La France reprend progressivement le contrôle des leviers qu'elle a délégués — monnaie, normes, budget, frontières — par une méthode graduée et assumée, jamais par un claquage de porte. Souveraineté d'abord, coopération choisie ensuite. La France entraîne, elle ne suit pas.
Depuis quarante ans, la souveraineté française a été transférée par petits pas, sans vote clair : primauté du droit européen étendue par la jurisprudence bien au-delà des traités, monnaie unique sans pilotage national, cadre budgétaire contraignant, surproduction normative. Le débat français est confisqué par deux postures également stériles : un fédéralisme qui dissout la nation dans un ensemble qu’aucun peuple ne contrôle, et une sortie brutale qui isolerait et appauvrirait le pays du jour au lendemain. Aucune des deux ne reprend réellement la main.
Vision France 2050 institue la Souveraineté Pilotée comme doctrine-cadre du rapport de la France à l’Europe : une reprise de souveraineté graduée, méthodique et maîtrisée, conduite domaine par domaine selon un calendrier public. Quatre principes opérationnels : (1) la souveraineté est première — dans les champs régaliens (sécurité, frontières, identité, justice pénale), la décision française prime, par bouclier constitutionnel (M32.3), (2) la coopération est choisie, pas subie — la France coopère intensément là où c’est son intérêt (défense, énergie, industrie, recherche) et reprend la main là où l’intégration l’a dépossédée, (3) jamais de nuisance au voisin — chaque reprise de souveraineté est conçue pour ne porter aucun tort à nos partenaires, et de préférence pour leur ouvrir la même voie, (4) la France entraîne — elle agit dans son intérêt sans attendre l’unanimité, et fait de chaque avancée un démonstrateur réplicable (M32.8).
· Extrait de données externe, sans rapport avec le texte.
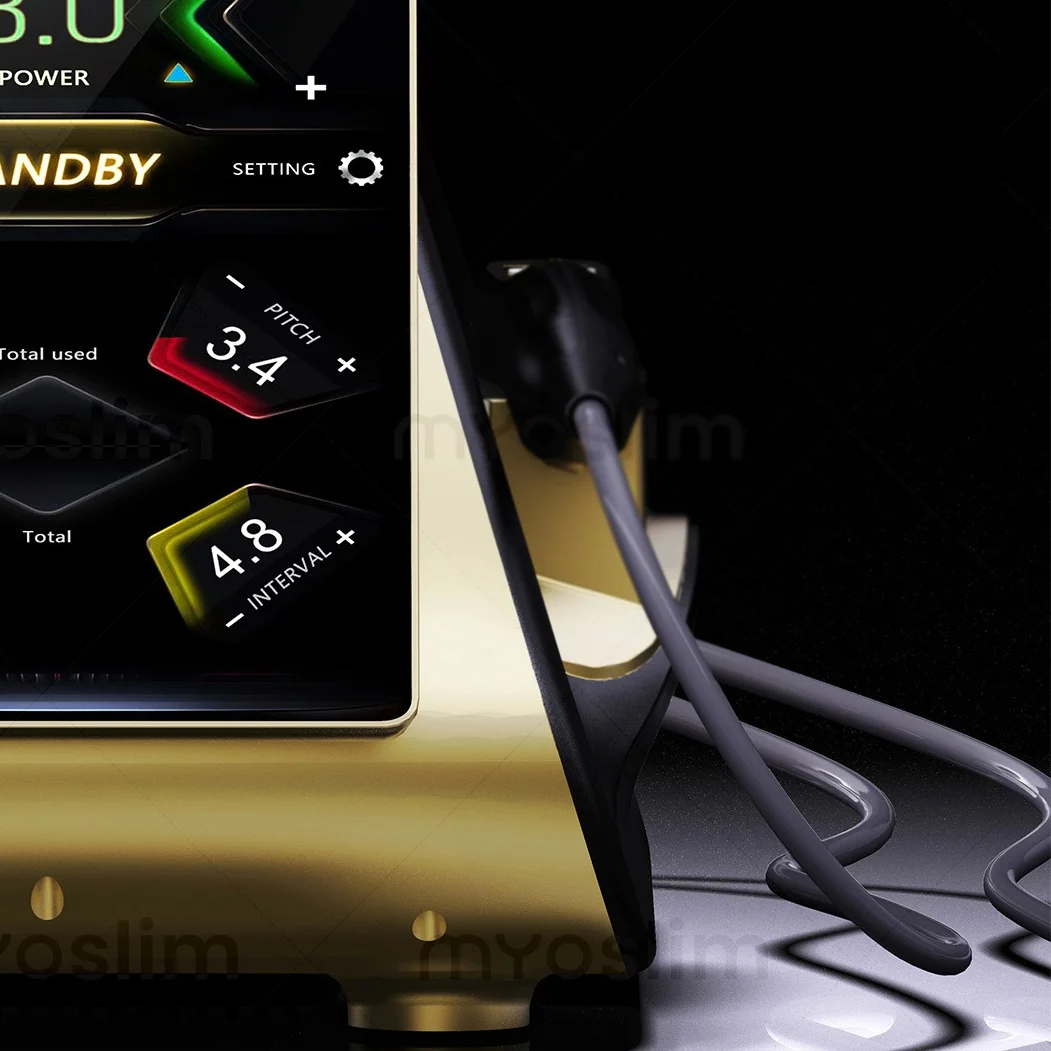 

Профессиональный аппарат HIFU 22D MAX для домашнего и салонного использования, оборудование для ухода за кожей и красоты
Cette doctrine n’est ni le fédéralisme, ni la rupture : c’est un retour de souveraineté progressif et coopératif, qui rend à la France ses leviers sans détruire le projet européen.
La France reprend progressivement le contrôle des leviers qu’elle a délégués — monnaie, normes, budget, frontières — par une méthode graduée et assumée, jamais par un claquage de porte. Souveraineté d’abord, coopération choisie ensuite. La France entraîne, elle ne suit pas.